Louise Augustine Gleizes (born 21 August 1861), known as Augustine or A, was a French woman who was publicly exhibited as a "hysteria" patient by neurologist Jean-Martin Charcot while she was held at the Salpêtrière Hospital in Paris.

==Life==
Louise Augustine Gleizes had worked as a kitchen maid, and was sent to the Salpêtrière Hospital at age 14 on 21 October 1875. Before this, she had been in a nurse's care in early life, and after, she was a nurse in a religious boarding school where she suffered corporal punishment. She was molested when she was 10 years old and raped by her mother’s lover when she was 13.

While she was a patient of the Salpêtrière Hospital, Charcot, who treated her, would hypnotize her so she would demonstrate her supposed hysteria. Sigmund Freud and Edgar Degas, among others, came to see this. Photographs were taken of her then, which became known as the most infamous visual representations of women's experiences of hysteria. Hysteria included expressions of uncontrolled emotions, interpersonal manipulations, sexual assertiveness, and seizures, including postures of a physiological contortion. The photographic images of Gleizes as evidence toward Charcot's case conceptualization, the 'truth' of hysteria in women, and the performative gestures of psychological suffering thus solidified the women's experiences of distress and continue to influence diagnoses.

Current discourse organizes Gleizes symptoms in light of the sexual abuse and other violence she experienced as a younger girl. In light of this victimization, the nature of her "performance" as a patient becomes questionable when judged by ethical standards of practice. Of further ethical note, when Gleizes no longer agreed to be photographed, she was admitted to solitary confinement in the Hospital. In 1880, she escaped the hospital, disguised in men's clothes. After that she was never seen again. Charcot's work with her made him more famous, and he remains best remembered for it.

==In popular culture==
Jean-Luc Godard compares the figure of Lillian Gish in the film Way Down East to Gleizes (referred to as "Augustine at Salpetrière") in his documentary series Histoire(s) du cinéma.

Winona Ryder appears to mimic Gleizes film stills in the 1992 adaptation of Bram Stoker's Dracula as she begins to experience early states of vampirism.

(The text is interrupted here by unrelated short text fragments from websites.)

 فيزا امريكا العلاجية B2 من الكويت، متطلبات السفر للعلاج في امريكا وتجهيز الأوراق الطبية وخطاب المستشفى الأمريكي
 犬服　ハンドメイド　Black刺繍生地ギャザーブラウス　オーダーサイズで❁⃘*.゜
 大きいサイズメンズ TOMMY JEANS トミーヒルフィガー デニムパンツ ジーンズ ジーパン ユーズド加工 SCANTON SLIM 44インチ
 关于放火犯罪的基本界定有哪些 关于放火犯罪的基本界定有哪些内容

A 2012 French historical drama film, Augustine, is about a love affair between Charcot and Gleizes. In reality, there was no sexual relationship between her and Charcot, although questions have been raised about the ethics of her treatment and the overt sexualization that Charcot and other staff demanded of her, and her poor treatment when she refused to continue the performance.

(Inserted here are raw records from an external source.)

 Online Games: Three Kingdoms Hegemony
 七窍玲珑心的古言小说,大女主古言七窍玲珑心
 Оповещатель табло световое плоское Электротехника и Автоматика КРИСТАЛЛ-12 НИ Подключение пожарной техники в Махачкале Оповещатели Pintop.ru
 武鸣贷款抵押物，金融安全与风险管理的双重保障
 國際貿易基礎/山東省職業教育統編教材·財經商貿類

The play Photographs of A by Daniel Keene, about her, was performed in 2014 at Melbourne Theatre Company’s NEON Festival.

The 2021 French film The Mad Women's Ball, based on the novel by Victoria Mas, which is set in the La Pitié-Salpêtrière neurological clinic, features her as one of Charcot's patients on whom he demonstrates hypnosis.

Gleize is also one of the central inspirations for the 2024 historical novel The Madwomen of Paris by Jennifer Cody Epstein.